Esa entusiasta expansión de las ficciones austerianas fue doble: por un lado, los lectores, encantados –y con razón– por la mezcla de misterio, mapas urbanos, azar, riqueza de personajes y tratamiento de la soledad contemporánea que les ofrecía el mundo del autor (dejo de lado el baseball pues para eso hay que ser norteamericano). Por otro, el hechizo que produjo en escritores y cineastas que, más o menos fragmentariamente, lo han imitado hasta creer que las combinaciones y permutaciones del azar en la vida, son un invento austeriano. Esto ha ocurrido en algunos –pocos– de mi generación y en bastantes de generaciones posteriores. Y ha ocurrido de tal forma que he visto cómo los había que tras ampararse en el paraguas Auster en busca del triunfo, acababan creyendo que ese mundo por el que sintieron un deslumbramiento mimético era suyo, quiero decir de ellos. Males del canibalismo, supongo, pero también un fruto espurio de la seducción austeriana. Ocurrió con la obra de Auster a partir de los noventa lo que había ocurrido con la de Bernhard en la década anterior.
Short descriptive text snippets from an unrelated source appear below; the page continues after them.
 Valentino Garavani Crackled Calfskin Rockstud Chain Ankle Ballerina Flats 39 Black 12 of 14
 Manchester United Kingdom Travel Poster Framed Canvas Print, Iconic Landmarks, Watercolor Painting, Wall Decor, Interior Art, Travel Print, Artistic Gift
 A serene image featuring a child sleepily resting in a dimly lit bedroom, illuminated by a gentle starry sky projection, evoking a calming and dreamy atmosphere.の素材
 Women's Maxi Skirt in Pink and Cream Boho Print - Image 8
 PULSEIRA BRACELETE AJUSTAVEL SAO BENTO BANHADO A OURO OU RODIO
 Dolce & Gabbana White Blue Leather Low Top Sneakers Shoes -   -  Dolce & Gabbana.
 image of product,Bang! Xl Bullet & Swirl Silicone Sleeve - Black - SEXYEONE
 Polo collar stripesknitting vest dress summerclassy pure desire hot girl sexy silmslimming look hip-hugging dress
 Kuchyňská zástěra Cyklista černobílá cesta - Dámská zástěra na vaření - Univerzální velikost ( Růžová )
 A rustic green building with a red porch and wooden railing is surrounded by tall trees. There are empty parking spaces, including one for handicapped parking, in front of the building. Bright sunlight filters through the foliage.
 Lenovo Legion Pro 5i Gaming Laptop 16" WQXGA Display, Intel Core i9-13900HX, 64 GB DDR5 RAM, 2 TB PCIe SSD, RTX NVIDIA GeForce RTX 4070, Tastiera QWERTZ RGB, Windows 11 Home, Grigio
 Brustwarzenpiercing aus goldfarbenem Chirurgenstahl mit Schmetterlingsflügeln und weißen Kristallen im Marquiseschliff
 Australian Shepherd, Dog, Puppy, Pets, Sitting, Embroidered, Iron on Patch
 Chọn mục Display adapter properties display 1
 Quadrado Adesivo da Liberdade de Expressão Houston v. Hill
Nunca he sido un excelente lector de Paul Auster, pero tampoco he sido ajeno a él. Me encantaron sus primeros libros –La trilogía de Nueva York, La invención de la soledad, El cuaderno rojo, El país de las últimas cosas…– pero al llegar a El palacio de la luna, tuve, mientras lo leía, la sensación de estar en una escuela de escritura con fórmula. Impecable, pero con fórmula. Asunto éste que me retrajo bastante y cuando ataqué La música del azar y Leviatán, se me cayeron de las manos –y aquí hay más respeto que impertinencia–; no los acabé. Y dejé de leerlo, perdiéndome, entre otras cosas, dos libros de los que siempre me han hablado bien lectores en los que confío: El libro de las ilusiones y 4, 3, 2, 1... Tiempo habrá, espero.

Pero esta es la causa por la que merodeo ahora alrededor de la figura de Auster y no entro en el corazón de su obra. Hacerlo sería una impostura y aquí vuelve a estar el respeto citado tres líneas más arriba. Ahora bien: no por eso soy ajeno a sus virtudes, que también me impresionaron en aquellos primeros libros suyos. Por ejemplo, la relación con la escritura no sólo como forma de vida, sino de respiración. O la relación con la ciudad, tan Dickens, tan Balzac y al mismo tiempo, tan novela negra. O el súbito encantamiento de la primera frase de cada libro. «Todo empezó con un número equivocado, el teléfono sonó tres veces en mitad de la noche y la voz al otro lado, preguntó por alguien que no era él».

Desde esta frase de Ciudad de cristal –la primera novela de su Trilogía de Nueva York–, Paul Auster siempre ha estado ahí: con dos poetas a su lado: Mallarmé y Crane. Con ellos estará ahora como nunca lo estuvo antes.